Consider what kind of books are being banned from American libraries. It's books portraying trans and gender-nonconforming people in a positive or neutral light, not books calling them "groomer pedophiles". It's books telling American history from the perspective of America's exploited minorities, not books calling for ethnic genocide or pretending the US actually upheld the principles of freedom and equality it was allegedly founded on.

To support censorship, especially state censorship, is to support the powerful in imposing their version of the truth on everyone else.

1 comments

I mean, if banning Nazi'ism is considered 'state censorship' then yes, I wholeheartedly support state censorship. If that's 'imposing someone's truth on everyone else', so be it.
Even if you don't value free speech per se, you should recognize the danger of allowing the most powerful to decide what is true or acceptable. You could well find yourself on the opposite side of state censorship. There is no guarantee that Nazis will not again take advantage of a population that is used to follow the state's lead, this time to silence you, or that another group won't do the same. Normalizing such deference to the state is inherently dangerous, and a gift to whoever aspires to take control of it in the future.

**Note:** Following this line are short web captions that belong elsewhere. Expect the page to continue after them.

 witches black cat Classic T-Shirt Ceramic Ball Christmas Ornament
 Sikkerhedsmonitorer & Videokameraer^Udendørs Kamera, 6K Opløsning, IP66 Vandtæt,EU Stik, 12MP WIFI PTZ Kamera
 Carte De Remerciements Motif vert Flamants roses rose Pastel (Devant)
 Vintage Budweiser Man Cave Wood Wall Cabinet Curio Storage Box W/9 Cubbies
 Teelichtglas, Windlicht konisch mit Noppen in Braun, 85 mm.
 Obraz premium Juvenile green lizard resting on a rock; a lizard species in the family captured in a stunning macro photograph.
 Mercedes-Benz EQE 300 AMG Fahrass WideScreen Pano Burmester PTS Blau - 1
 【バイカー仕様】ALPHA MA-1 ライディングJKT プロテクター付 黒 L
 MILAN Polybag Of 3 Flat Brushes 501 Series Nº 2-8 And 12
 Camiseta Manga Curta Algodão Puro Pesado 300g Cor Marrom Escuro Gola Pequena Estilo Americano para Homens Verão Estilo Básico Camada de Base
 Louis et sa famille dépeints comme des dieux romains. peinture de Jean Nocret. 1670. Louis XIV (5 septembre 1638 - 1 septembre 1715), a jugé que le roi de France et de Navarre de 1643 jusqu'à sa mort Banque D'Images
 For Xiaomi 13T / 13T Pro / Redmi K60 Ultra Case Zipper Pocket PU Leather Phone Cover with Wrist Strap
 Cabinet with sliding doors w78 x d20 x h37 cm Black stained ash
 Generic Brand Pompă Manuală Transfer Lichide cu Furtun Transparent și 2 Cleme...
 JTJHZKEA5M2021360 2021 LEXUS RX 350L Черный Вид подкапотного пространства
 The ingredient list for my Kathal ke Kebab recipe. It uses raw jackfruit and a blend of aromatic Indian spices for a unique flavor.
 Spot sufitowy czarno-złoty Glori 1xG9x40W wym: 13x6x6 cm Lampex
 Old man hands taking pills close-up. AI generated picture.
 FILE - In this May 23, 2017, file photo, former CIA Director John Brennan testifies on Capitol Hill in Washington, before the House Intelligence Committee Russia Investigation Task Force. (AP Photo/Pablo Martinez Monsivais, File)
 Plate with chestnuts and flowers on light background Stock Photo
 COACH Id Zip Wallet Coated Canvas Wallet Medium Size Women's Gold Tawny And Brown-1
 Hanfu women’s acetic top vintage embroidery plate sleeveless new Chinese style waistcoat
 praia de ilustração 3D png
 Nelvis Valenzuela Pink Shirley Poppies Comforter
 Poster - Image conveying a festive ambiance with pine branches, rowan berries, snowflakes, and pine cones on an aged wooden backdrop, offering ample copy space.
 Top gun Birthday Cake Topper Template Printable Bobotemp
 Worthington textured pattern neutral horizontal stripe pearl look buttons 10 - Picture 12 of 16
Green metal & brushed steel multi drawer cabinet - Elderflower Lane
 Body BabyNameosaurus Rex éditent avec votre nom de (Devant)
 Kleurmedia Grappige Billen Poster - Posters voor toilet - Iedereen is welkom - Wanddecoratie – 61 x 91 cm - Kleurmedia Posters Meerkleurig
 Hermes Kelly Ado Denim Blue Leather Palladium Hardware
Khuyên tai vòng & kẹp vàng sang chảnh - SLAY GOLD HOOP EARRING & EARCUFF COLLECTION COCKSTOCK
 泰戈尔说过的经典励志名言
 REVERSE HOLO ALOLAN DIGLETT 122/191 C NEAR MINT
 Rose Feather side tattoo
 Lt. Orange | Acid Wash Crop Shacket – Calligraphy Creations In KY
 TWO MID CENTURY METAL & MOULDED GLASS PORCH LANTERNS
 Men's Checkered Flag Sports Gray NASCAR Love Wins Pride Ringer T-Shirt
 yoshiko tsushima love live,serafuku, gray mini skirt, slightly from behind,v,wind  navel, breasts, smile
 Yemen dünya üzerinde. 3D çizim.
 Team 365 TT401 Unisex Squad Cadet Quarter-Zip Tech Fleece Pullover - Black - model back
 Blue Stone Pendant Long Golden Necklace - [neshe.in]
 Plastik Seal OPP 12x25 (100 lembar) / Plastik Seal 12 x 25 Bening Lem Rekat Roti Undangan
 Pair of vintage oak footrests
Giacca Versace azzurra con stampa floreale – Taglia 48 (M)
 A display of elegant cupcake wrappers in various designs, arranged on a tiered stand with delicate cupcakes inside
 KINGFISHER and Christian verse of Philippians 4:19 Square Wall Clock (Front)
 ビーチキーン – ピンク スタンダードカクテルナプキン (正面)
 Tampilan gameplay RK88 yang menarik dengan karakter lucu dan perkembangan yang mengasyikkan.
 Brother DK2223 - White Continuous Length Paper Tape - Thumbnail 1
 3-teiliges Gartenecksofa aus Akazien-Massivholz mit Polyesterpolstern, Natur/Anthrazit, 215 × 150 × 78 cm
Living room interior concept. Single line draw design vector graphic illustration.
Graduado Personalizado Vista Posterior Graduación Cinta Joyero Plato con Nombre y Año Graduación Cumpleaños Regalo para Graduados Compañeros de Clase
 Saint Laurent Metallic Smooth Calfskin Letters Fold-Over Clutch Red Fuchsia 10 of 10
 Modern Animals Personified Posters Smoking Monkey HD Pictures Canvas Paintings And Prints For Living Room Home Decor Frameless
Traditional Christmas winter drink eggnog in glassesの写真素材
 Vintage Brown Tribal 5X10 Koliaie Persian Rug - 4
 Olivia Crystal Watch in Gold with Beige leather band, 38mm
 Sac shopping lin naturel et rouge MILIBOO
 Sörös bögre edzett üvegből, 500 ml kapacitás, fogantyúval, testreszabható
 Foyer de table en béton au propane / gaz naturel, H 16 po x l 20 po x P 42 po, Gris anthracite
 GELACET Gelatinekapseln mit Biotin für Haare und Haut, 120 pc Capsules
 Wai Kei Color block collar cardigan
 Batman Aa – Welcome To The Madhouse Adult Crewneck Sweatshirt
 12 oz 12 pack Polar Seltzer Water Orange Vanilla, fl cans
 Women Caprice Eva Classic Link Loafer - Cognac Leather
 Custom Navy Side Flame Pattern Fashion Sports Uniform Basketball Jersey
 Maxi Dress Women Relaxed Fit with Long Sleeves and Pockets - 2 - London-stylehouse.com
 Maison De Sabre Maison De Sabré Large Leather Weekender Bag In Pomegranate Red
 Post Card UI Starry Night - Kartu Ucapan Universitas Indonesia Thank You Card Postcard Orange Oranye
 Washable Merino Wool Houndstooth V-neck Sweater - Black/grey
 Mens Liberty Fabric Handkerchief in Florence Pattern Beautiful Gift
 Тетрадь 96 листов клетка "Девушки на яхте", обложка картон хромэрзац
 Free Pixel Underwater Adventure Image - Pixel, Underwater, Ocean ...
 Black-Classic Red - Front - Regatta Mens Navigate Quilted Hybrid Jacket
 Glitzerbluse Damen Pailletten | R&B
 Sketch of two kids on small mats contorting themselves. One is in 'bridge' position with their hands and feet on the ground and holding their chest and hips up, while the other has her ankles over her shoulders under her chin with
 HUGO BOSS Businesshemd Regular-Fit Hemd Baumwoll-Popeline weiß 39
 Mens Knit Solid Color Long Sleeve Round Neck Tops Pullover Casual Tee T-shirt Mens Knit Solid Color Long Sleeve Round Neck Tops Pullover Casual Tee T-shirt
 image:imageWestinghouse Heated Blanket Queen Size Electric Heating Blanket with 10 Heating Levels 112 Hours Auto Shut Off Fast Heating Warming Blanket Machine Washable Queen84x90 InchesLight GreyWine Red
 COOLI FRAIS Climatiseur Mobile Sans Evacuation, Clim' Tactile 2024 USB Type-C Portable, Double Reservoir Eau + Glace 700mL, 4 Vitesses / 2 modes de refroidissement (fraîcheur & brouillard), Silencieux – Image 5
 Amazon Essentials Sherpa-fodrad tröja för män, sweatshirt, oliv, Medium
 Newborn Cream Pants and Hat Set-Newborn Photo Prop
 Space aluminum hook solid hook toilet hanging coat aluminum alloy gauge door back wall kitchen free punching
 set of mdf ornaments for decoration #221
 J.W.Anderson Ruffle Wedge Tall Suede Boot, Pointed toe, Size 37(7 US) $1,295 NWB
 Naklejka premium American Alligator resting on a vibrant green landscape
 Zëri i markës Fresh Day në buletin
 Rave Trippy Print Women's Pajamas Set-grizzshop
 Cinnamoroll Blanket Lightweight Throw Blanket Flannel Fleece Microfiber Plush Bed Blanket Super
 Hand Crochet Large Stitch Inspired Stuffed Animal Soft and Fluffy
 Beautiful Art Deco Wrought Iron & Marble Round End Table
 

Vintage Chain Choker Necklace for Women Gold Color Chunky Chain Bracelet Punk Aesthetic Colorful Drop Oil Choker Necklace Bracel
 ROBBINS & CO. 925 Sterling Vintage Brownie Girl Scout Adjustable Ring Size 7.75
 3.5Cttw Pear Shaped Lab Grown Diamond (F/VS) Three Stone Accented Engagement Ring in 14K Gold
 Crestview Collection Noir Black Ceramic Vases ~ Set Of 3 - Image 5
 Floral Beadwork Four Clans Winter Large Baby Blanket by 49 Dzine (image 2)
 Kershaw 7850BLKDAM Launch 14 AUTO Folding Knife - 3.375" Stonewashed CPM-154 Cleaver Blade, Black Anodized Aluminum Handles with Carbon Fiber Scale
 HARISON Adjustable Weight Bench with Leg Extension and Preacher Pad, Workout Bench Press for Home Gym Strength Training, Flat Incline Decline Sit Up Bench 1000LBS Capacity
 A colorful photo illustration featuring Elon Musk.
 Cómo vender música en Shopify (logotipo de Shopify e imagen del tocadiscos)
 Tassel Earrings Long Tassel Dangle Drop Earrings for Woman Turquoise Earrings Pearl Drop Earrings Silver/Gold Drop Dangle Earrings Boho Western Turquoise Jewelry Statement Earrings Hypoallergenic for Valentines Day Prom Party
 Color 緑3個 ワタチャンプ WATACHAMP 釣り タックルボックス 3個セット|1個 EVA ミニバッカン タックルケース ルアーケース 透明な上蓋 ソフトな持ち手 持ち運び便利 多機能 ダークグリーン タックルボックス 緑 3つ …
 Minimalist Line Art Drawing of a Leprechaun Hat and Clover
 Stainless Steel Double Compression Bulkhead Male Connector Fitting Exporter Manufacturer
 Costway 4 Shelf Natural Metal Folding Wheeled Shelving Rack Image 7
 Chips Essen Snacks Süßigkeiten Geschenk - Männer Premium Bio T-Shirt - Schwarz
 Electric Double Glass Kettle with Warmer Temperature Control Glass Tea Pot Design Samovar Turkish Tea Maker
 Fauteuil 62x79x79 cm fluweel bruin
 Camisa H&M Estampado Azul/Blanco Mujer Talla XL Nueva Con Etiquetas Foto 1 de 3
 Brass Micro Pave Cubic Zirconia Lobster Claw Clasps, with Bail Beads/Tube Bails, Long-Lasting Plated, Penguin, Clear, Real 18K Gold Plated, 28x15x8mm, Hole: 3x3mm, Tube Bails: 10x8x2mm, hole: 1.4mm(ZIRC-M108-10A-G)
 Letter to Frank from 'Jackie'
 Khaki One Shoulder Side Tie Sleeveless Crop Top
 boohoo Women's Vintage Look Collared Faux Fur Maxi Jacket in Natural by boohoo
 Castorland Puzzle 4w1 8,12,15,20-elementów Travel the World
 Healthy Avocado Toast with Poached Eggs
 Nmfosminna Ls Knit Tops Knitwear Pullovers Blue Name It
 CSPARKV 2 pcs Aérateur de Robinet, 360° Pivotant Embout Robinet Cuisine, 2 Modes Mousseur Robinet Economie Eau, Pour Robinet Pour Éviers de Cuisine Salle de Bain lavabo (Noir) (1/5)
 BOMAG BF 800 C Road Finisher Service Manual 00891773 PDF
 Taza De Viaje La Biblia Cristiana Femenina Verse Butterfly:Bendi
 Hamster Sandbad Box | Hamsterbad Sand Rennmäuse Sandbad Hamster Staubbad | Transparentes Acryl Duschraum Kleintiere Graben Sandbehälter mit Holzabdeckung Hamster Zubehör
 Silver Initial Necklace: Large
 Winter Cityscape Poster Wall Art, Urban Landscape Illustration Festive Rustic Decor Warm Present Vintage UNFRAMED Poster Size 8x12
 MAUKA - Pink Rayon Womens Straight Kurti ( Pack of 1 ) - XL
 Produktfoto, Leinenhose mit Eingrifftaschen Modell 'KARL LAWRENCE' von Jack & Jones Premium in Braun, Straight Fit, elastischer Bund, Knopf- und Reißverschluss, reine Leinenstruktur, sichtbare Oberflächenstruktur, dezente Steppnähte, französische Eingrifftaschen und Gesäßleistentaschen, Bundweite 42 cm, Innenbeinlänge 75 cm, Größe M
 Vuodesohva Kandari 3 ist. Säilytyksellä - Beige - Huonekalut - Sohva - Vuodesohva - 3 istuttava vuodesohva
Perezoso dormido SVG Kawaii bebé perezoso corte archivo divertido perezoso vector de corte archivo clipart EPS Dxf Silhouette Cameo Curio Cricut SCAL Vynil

It's frankly incomprehensible to me how anyone who doesn't support totalitarianism can look at history (or present day) and dare to normalize any amount of state control over speech.

> There is no guarantee that Nazis will not again take advantage of a population that is used to follow the state's lead, this time to silence you, or that another group won't do the same.

And that's fine. This argument keeps being brought up over and over again, but if this happened, nothing would please more because it would remove the ambiguity from the situation.

> It's frankly incomprehensible to me how anyone who doesn't support totalitarianism can look at history (or present day) and dare to normalize any amount of state control over speech.

I mean, the fact that you can look at The Holocaust or Jim Crow and think that any amount of tolerance should be shown to Nazi'ism or white supremacy is beyond incomprehensible to me. But that's the issue.

For a certain type of person, any legislation curtailing 'free speech', even if that is done to stamp out white supremacy is an existential threat to freedom in America.

But to people of color, allowing white supremacists to spout intolerance publicly with no repercussions (other than maybe getting 'cancelled') is an existential threat to THEIR freedom in America.